Анна Берсенева. "50 оттенков серого" меня не увлекли!"
Если неискушённому читателю назвать имя Татьяны Сотниковой, большинство лишь недоумённо пожмёт плечами. Но стоит объяснить, что Татьяна давно пишет под псевдонимом "Анна Берсенева", и те же люди начнут сыпать восторженными отзывами, поскольку Берсенева давно и прочно вышла на рынок отечественной литературы и по праву считается одной из лучших писательниц России. Кроме этого в заслуги Берсеневой можно записать громкий успех сериала "Орлова и Александров", где она была автором сценария вместе с супругом, а также то, что именно она много лет назад дала путёвку в жизнь писательнице Дарье Донцовой.
Её книги – это история целых поколений в различных жизненных ситуациях, не надуманные, не наигранные, наполненные искренностью и подлинными чувствами, – тем, что делает из Берсеневой звезду номер один в жанре современного женского романа.
– Анна, у вас огромный опыт написания романов о любви, причём романов вкусных, отличных от большинства и совершенно не похожих на смехотворные творения о графинях и садовниках.
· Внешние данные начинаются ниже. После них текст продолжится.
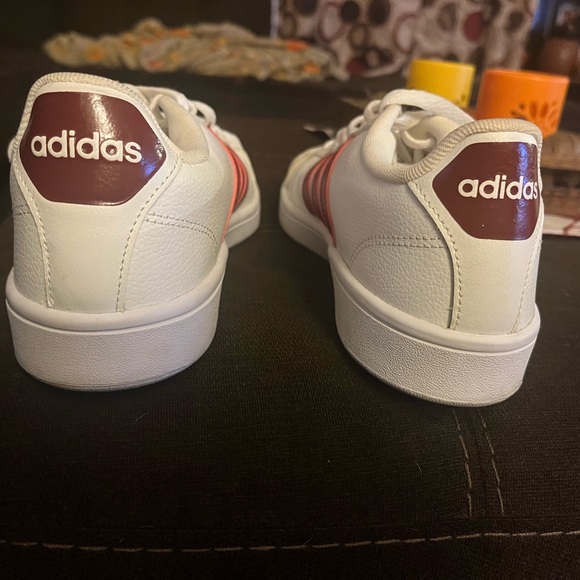 Women’s adidas’s - Picture 2 of 3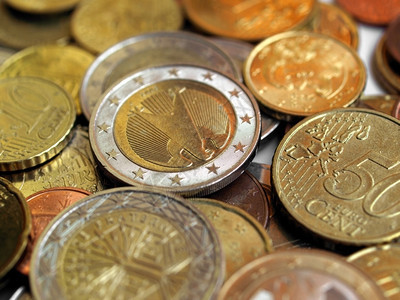 欧元硬币洲货的背景图片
Существует ли какой-то рецепт, как написать отличный роман о любви и не скатиться в пошлость?
– Вкусными я бы ничьи книги не назвала. Это только о еде можно сказать, по-моему. А рецептов в творчестве не существует вообще. Когда ты начинаешь работать над текстом (картиной, спектаклем и тому подобным), начинает работать твоя личность. Всё, что ты уже прочитал, пережил, подумал, почувствовал к тому моменту, когда работа началась. Имитировать всё это невозможно, приобрести по инструкции – тоже. Так что нет рецептов, нет.
– Ваши книги довольно откровенны, изобилуют постельными сценами, но при этом вы умудряетесь балансировать на грани, не скатываясь в откровенное порно. Читали ли вы книгу "50 оттенков серого", и если да, что думаете о ней?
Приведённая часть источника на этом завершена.